Malcolm X assassinated

1965

Robert J. Murphy, Jr., of Nichols, Fla., won the first Amateur Championship he entered with a 72-hole score of 291 at the Southern Hills Country Club, Tulsa, Okla. It was the first Amateur Championship to be decided entirely at stroke play.

The format provided for four 18-hole rounds in as many days. Murphy, a 22-year-old senior at the University of Florida, had taken up golf in a required physical education class at 18. Murphy's rounds were 73-69-76-73- 291.

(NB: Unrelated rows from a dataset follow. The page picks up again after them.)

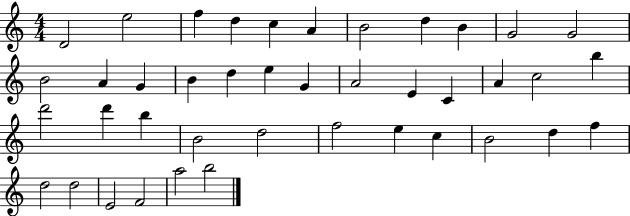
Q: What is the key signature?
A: C major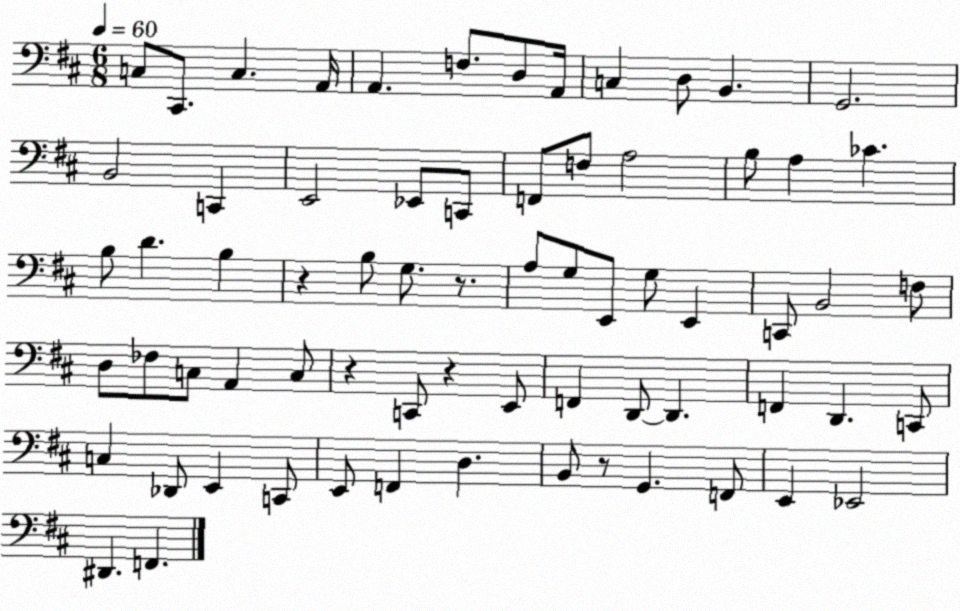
X:1
T:Untitled
M:6/8
L:1/4
K:D
C,/2 ^C,,/2 C, A,,/4 A,, F,/2 D,/2 A,,/4 C, D,/2 B,, G,,2 B,,2 C,, E,,2 _E,,/2 C,,/2 F,,/2 F,/2 A,2 B,/2 A, _C B,/2 D B, z B,/2 G,/2 z/2 A,/2 G,/2 E,,/2 G,/2 E,, C,,/2 B,,2 F,/2 D,/2 _F,/2 C,/2 A,, C,/2 z C,,/2 z E,,/2 F,, D,,/2 D,, F,, D,, C,,/2 C, _D,,/2 E,, C,,/2 E,,/2 F,, D, B,,/2 z/2 G,, F,,/2 E,, _E,,2 ^D,, F,,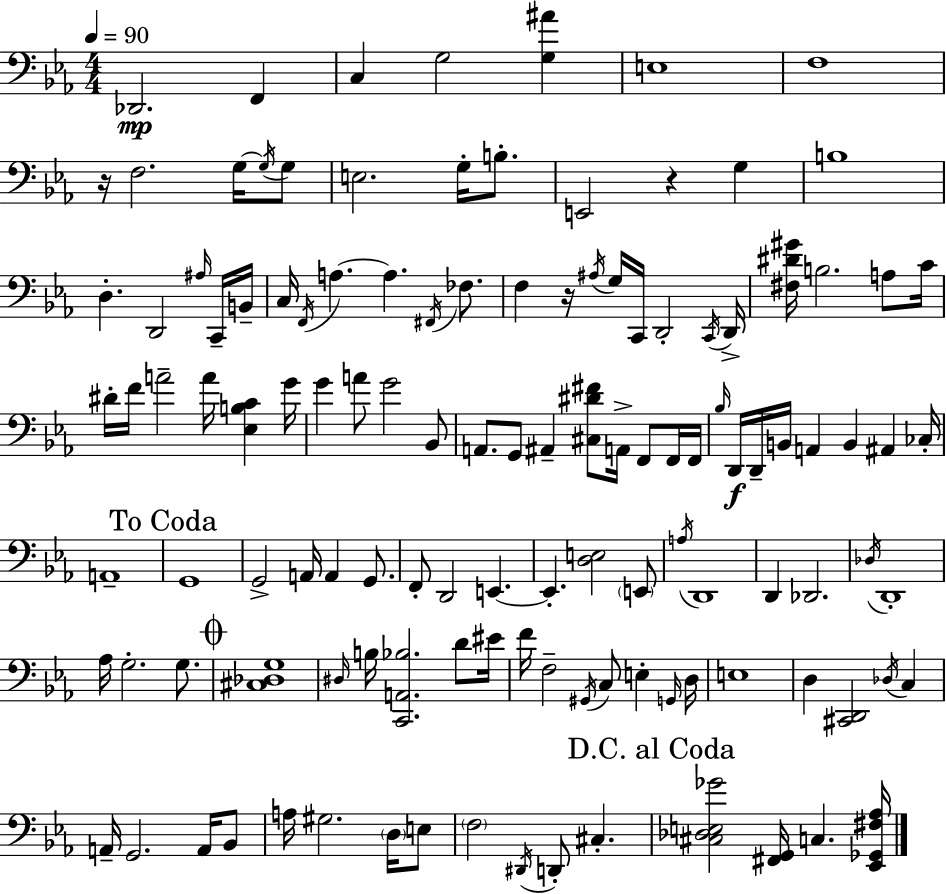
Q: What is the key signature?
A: EES major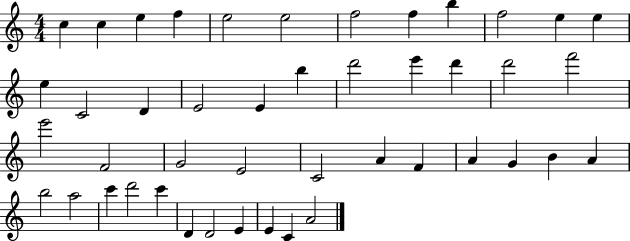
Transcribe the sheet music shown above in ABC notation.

X:1
T:Untitled
M:4/4
L:1/4
K:C
c c e f e2 e2 f2 f b f2 e e e C2 D E2 E b d'2 e' d' d'2 f'2 e'2 F2 G2 E2 C2 A F A G B A b2 a2 c' d'2 c' D D2 E E C A2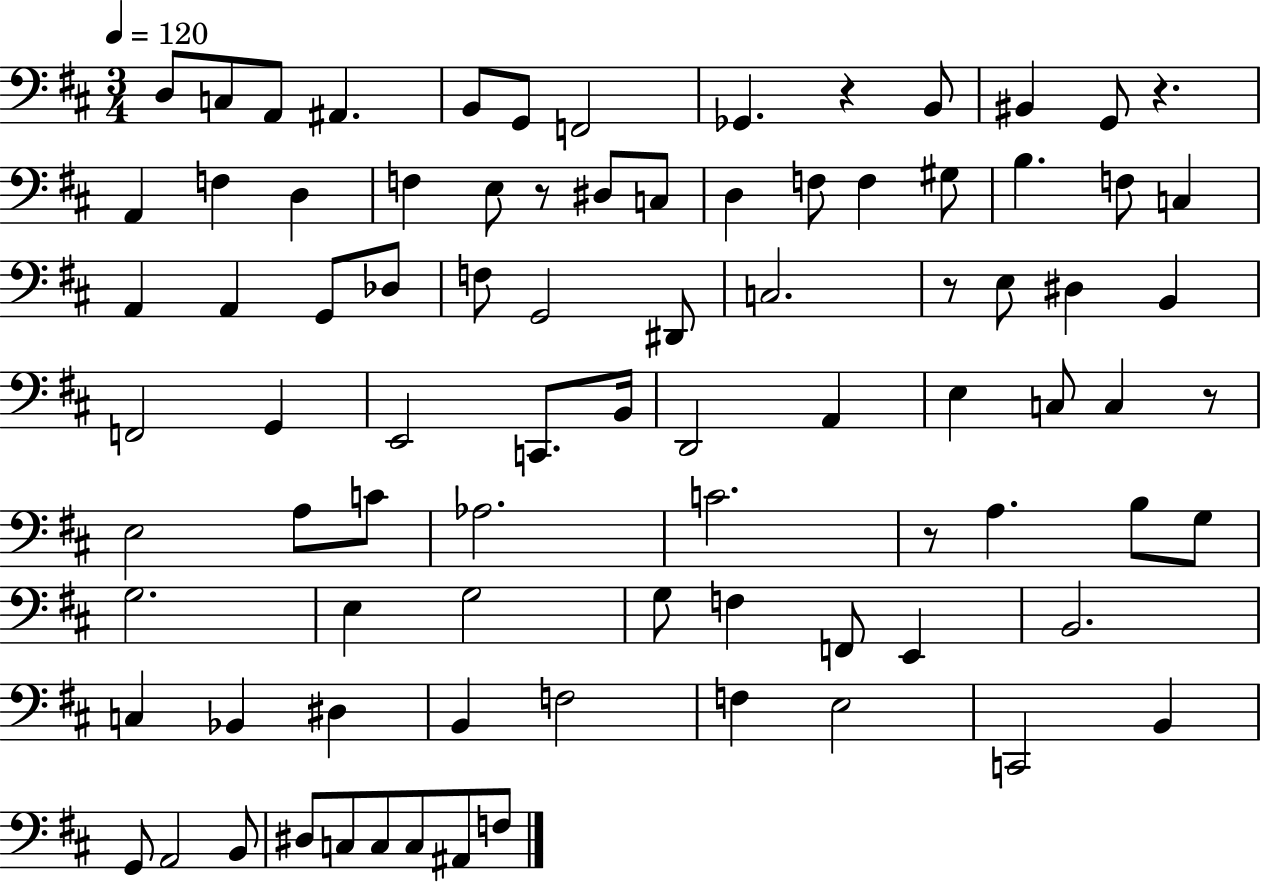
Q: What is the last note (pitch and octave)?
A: F3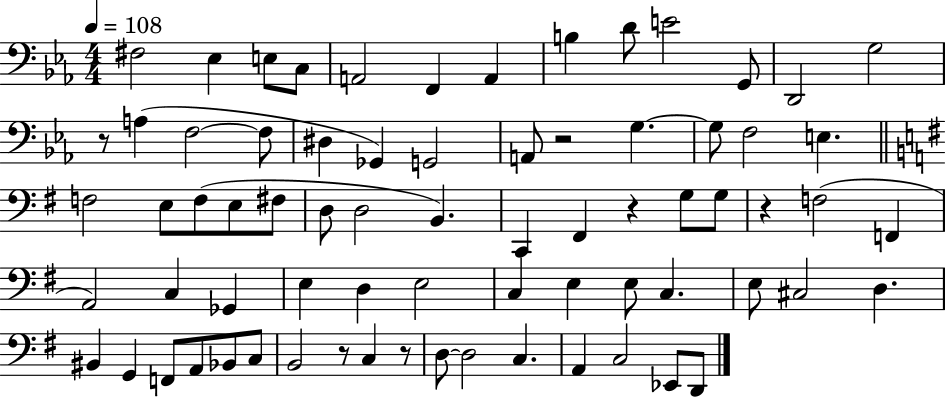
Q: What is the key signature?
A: EES major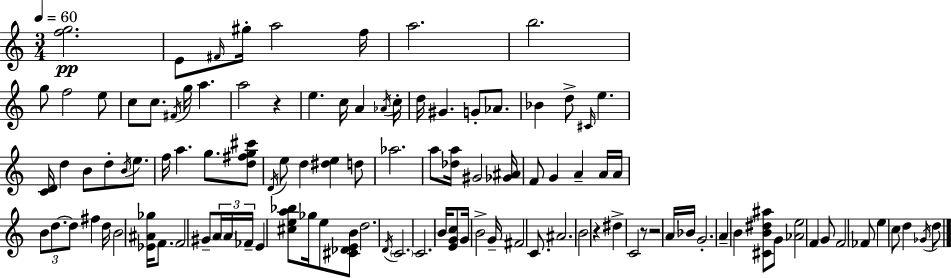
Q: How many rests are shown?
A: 4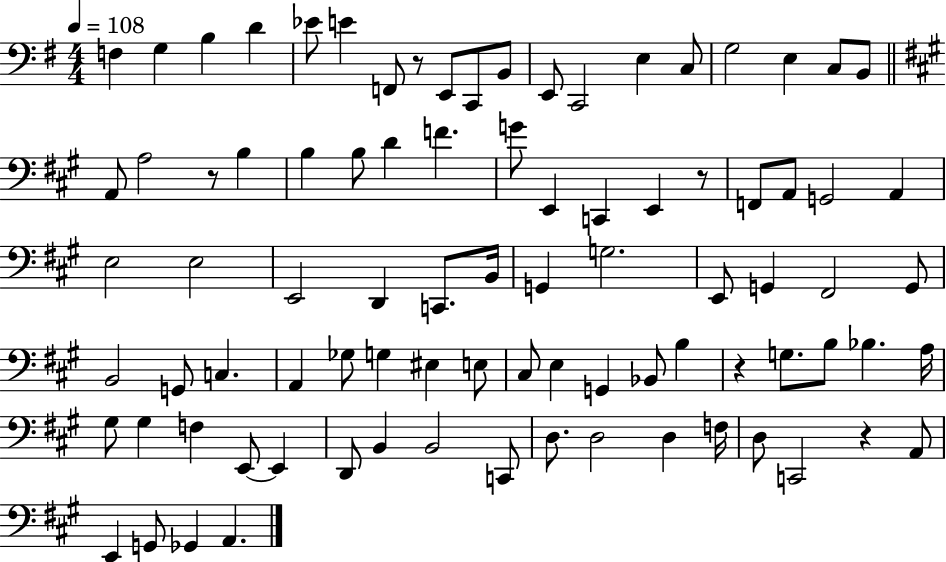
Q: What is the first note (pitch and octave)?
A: F3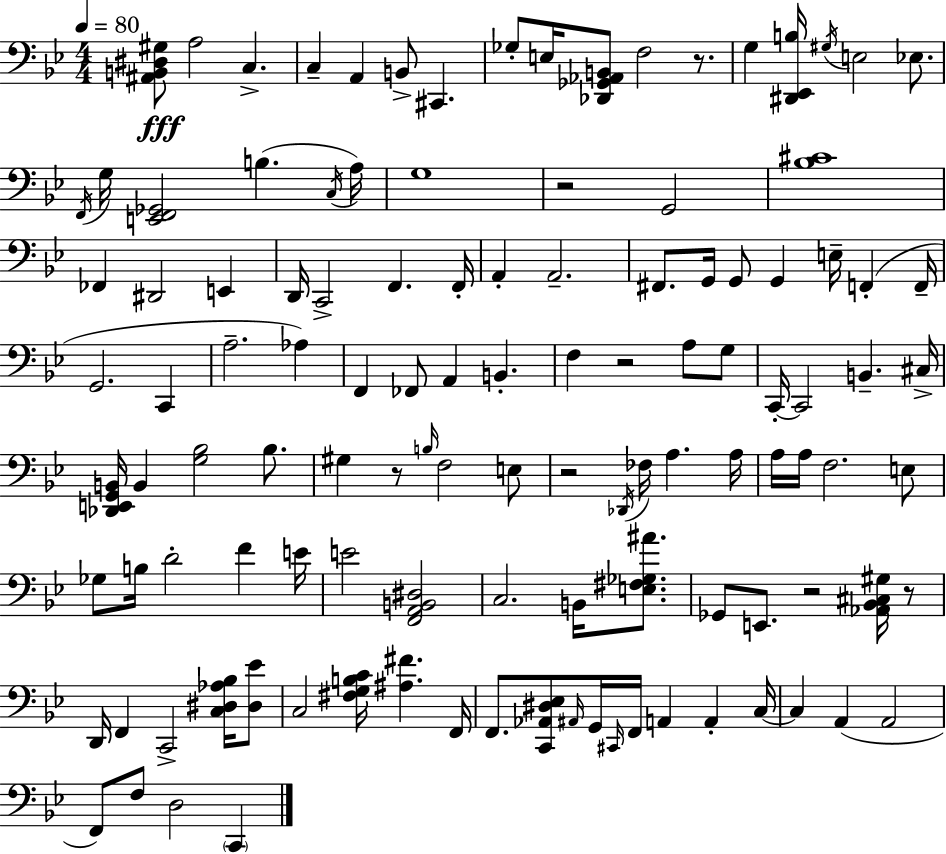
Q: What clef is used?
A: bass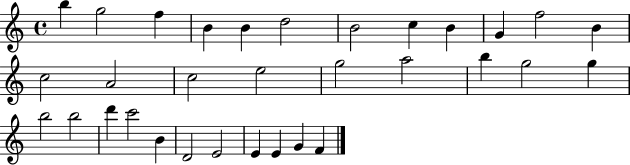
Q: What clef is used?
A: treble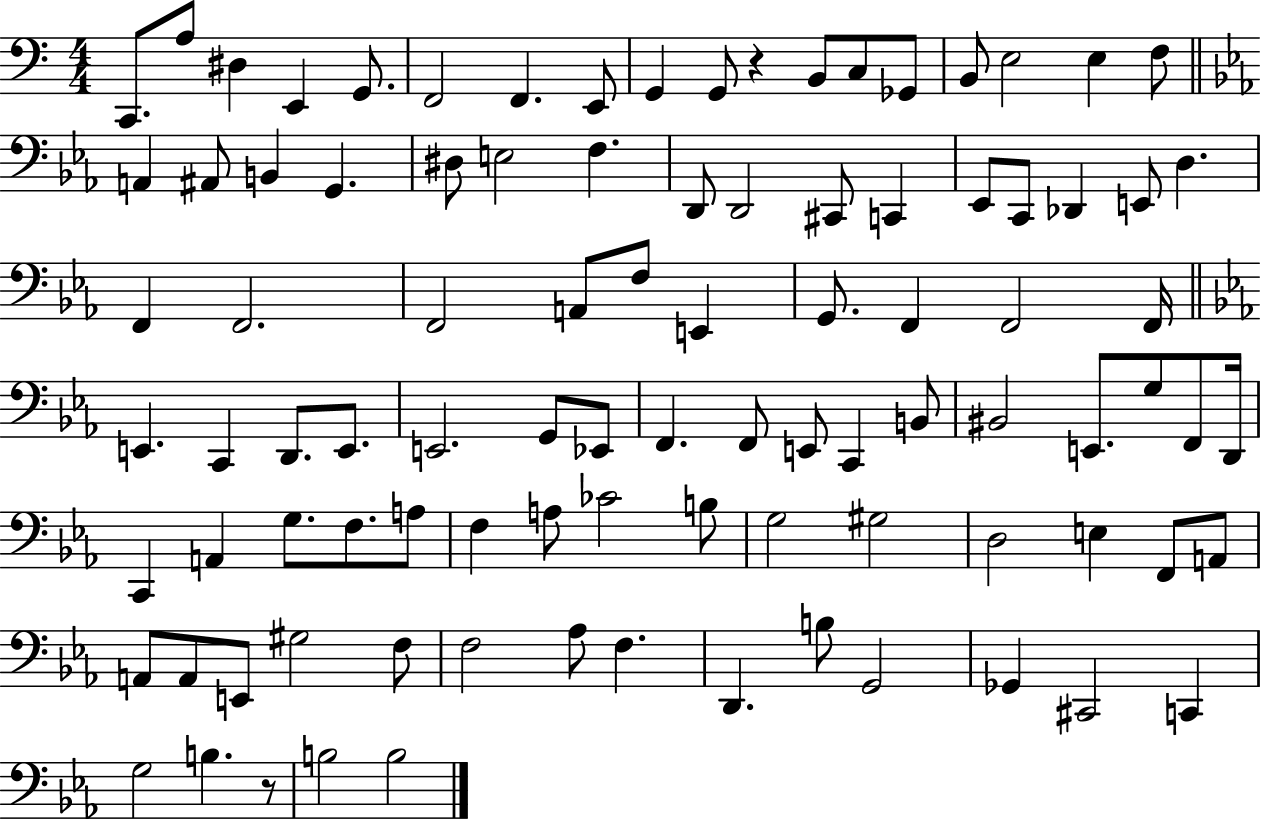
X:1
T:Untitled
M:4/4
L:1/4
K:C
C,,/2 A,/2 ^D, E,, G,,/2 F,,2 F,, E,,/2 G,, G,,/2 z B,,/2 C,/2 _G,,/2 B,,/2 E,2 E, F,/2 A,, ^A,,/2 B,, G,, ^D,/2 E,2 F, D,,/2 D,,2 ^C,,/2 C,, _E,,/2 C,,/2 _D,, E,,/2 D, F,, F,,2 F,,2 A,,/2 F,/2 E,, G,,/2 F,, F,,2 F,,/4 E,, C,, D,,/2 E,,/2 E,,2 G,,/2 _E,,/2 F,, F,,/2 E,,/2 C,, B,,/2 ^B,,2 E,,/2 G,/2 F,,/2 D,,/4 C,, A,, G,/2 F,/2 A,/2 F, A,/2 _C2 B,/2 G,2 ^G,2 D,2 E, F,,/2 A,,/2 A,,/2 A,,/2 E,,/2 ^G,2 F,/2 F,2 _A,/2 F, D,, B,/2 G,,2 _G,, ^C,,2 C,, G,2 B, z/2 B,2 B,2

Bob Dickson, of Muskogee, Okla., a student at Oklahoma State University, was the runner-up at 292. Dickson had the misfortune to carry a 15th club in his bag for the first two holes of the second round and so incurred a penalty of four strokes; the club was not his and he did not use it. Dickson recovered from the penalty to lead after 70 holes.

Murphy, already in with 291, waited as Dickson went one over par on each of the final two holes. Don Allen, of Rochester, a member of the 1965 Walker Cup Team, tied for third at 293 with Cesar Sanudo, of El Cajon, Calif. William C. Campbell, of Huntington, W.Va., the 1964 Champion, tied for eighth with 296. Charles R. Coe, of Oklahoma City, was the 54-hole leader at 217 and finished with an 80.